====== DATA EXTRACTS

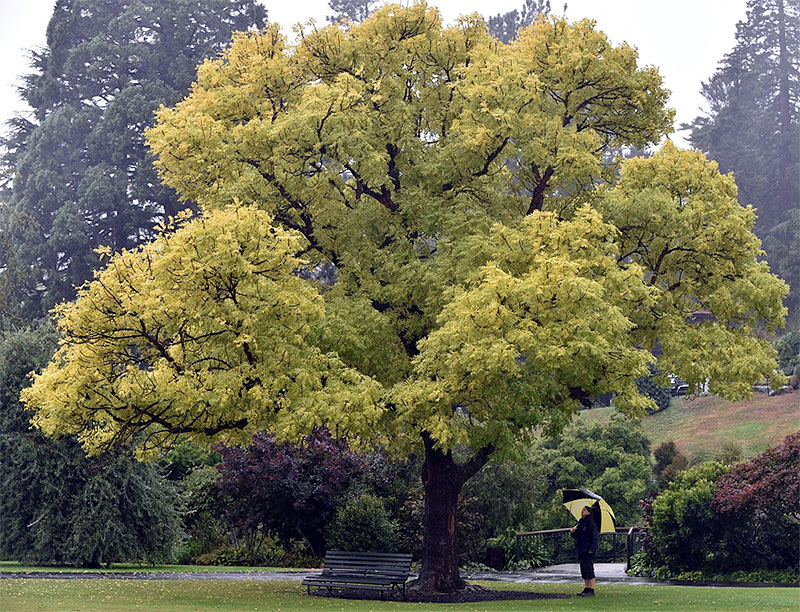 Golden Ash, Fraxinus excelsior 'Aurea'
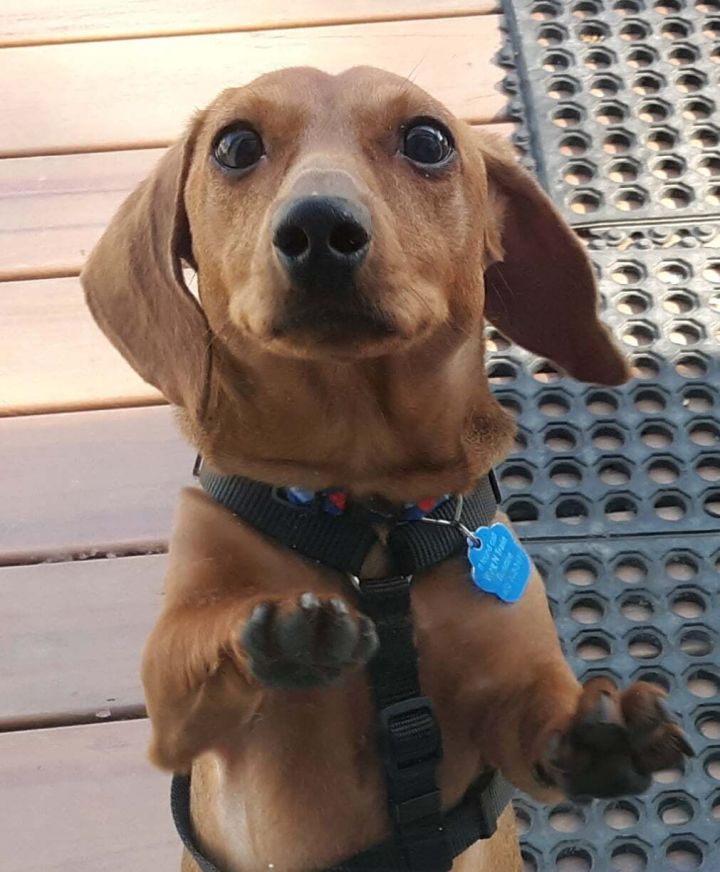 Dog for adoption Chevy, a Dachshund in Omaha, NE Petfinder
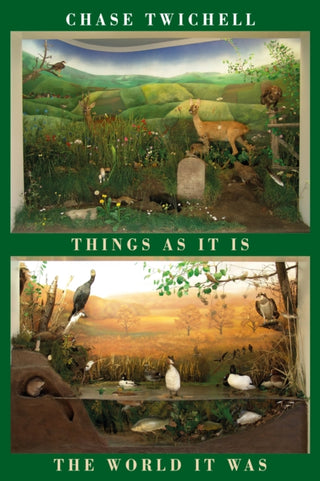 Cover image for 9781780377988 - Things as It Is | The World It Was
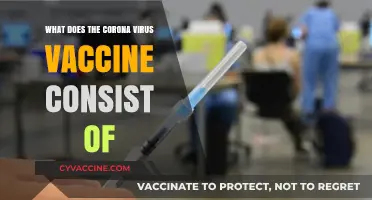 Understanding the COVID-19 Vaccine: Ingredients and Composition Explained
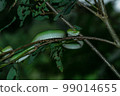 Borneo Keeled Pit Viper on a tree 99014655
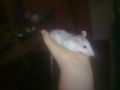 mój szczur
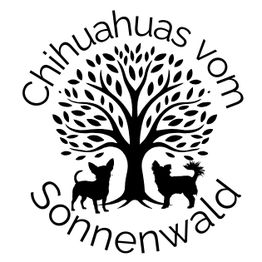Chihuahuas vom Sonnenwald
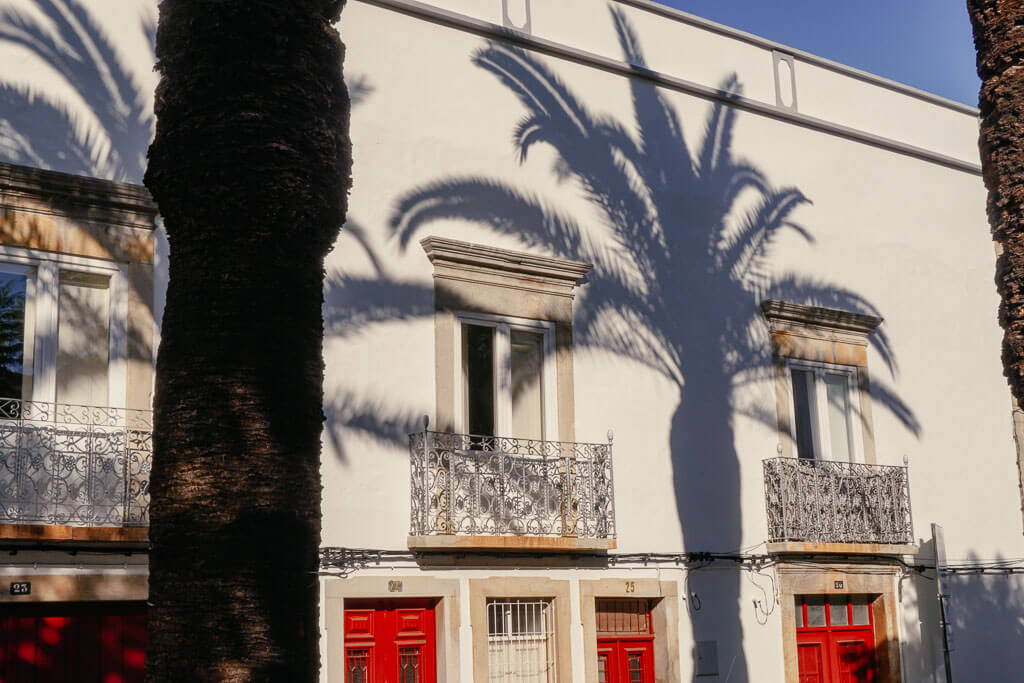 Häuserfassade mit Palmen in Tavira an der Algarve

============

» **WHAT YOU NEED TO DO**:
Your copy must reproduce the entries above in full, without their pictures.

» **ANSWER FOR THIS EXERCISE**:
 Golden Ash, Fraxinus excelsior 'Aurea'
 Dog for adoption Chevy, a Dachshund in Omaha, NE Petfinder
 Cover image for 9781780377988 - Things as It Is | The World It Was
 Understanding the COVID-19 Vaccine: Ingredients and Composition Explained
 Borneo Keeled Pit Viper on a tree 99014655
 mój szczur
Chihuahuas vom Sonnenwald
 Häuserfassade mit Palmen in Tavira an der Algarve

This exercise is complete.